Blogger Tom Fletcher said...

Ah, civil rights litigation. A beautiful statute, weighed down by so much abuse. There's a reason the lower courts tried to raise the pleading standard before the Supreme Court smacked them down for misapplying Rule 9...

11/15/2006 12:48 AM  
Blogger McWho said...

I actually distorted things a bit, mostly because I didn't know most of the facts in the case we saw, and wanted to make a touchy-feely message of the day. It was reverse-discrimination, and I'm not sure whether the claim was valid or not.

Either way, no one deserves a lawyer as bad as this one.

11/15/2006 9:40 AM  
Anonymous Anonymous said...

how is bad lawyering "abuse" of the "beautiful" civil rights statute? And how might a heightened pleading standard remedy poor lawyering? whether intentionally or not, Tom, I think you've confused meritorious advocacy with meritorious claims.

11/15/2006 11:09 AM  
Blogger Tom Fletcher said...

Anon-

You're correct in part. I suggest though that poor advocacy often comes from trying to reconceive or dress up poor claims. It's hard to be a bad advocate when you have a prima facie case. It's when you're stretching the law that advocacy really matters.

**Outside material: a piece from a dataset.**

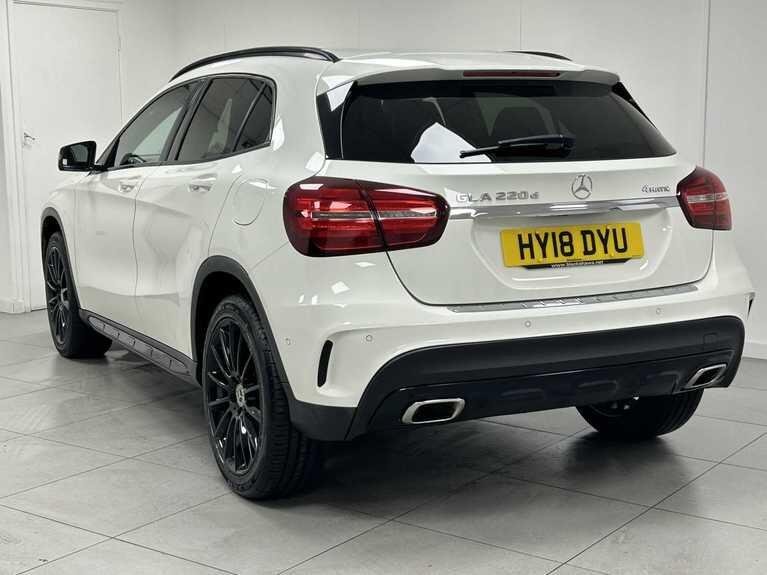 Used Mercedes-Benz GLA 2018 for sale - 77696037: Photo 15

But yes, a heightened pleading standard does little directly to remedy poor advocacy. If anything, it would just require a lawyer to gather more facts in front of them first. From that core of facts, they may be able to advocate better.

You also homed in on another correlation I was making subconsciously. Usually, if you have a great claim, a good lawyer will take it (because it'll be an easy win for them). You only find yourself turning to crappy lawyers when all the good lawyers have turned you away.

Well played Anon. Well played. I'll be more precise with my words.